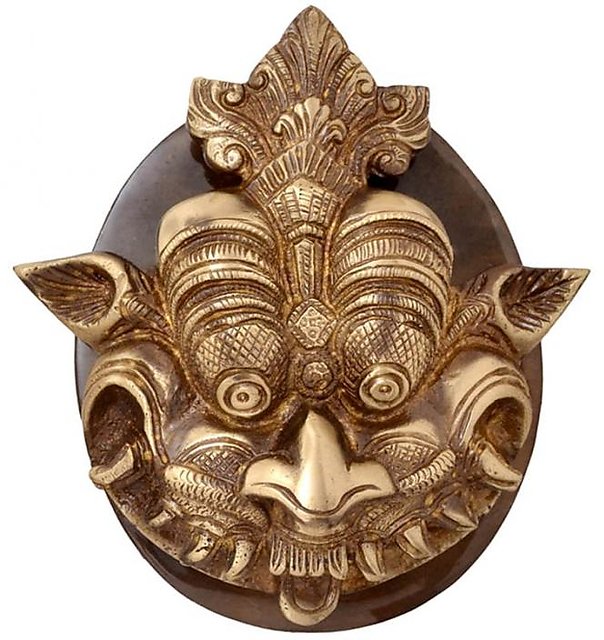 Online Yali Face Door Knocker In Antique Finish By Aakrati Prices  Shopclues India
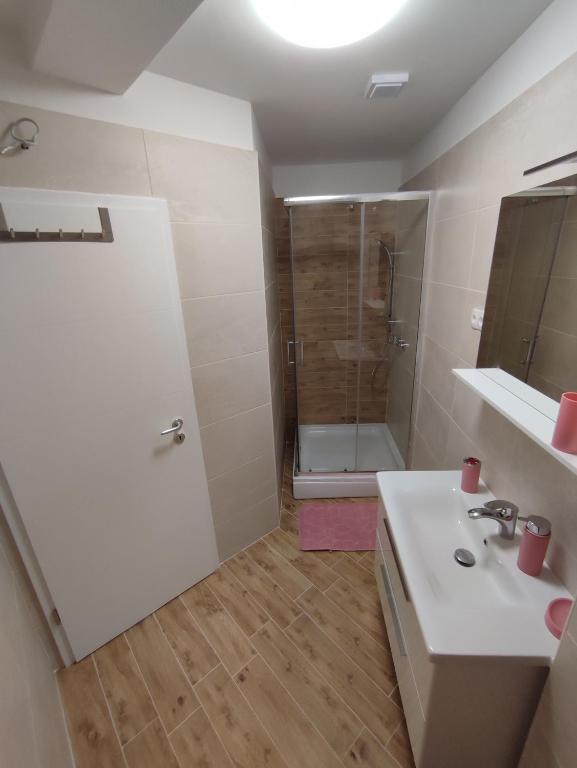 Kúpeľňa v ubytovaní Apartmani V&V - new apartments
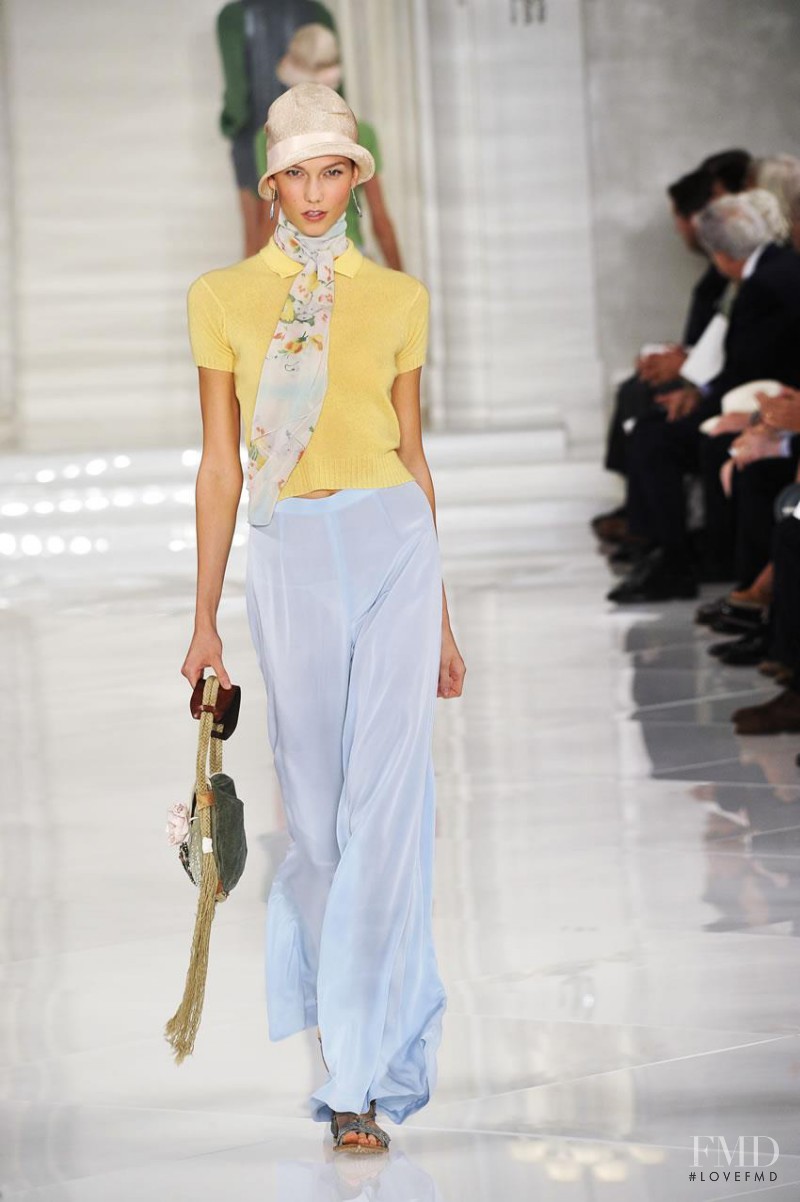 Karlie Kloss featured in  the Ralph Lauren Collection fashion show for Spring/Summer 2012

...

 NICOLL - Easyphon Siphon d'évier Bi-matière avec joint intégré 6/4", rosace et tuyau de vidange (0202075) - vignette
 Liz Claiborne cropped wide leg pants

---

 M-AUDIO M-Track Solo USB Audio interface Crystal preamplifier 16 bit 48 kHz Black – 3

- **Your assignment**: Reproducing the whole listing above is not the task. Copy exactly only the lines from the one with "NICOLL - Easyphon" to the one with "Liz Claiborne cropped wide leg pants", both kept.

- **The completed task**:
 NICOLL - Easyphon Siphon d'évier Bi-matière avec joint intégré 6/4", rosace et tuyau de vidange (0202075) - vignette
 Liz Claiborne cropped wide leg pants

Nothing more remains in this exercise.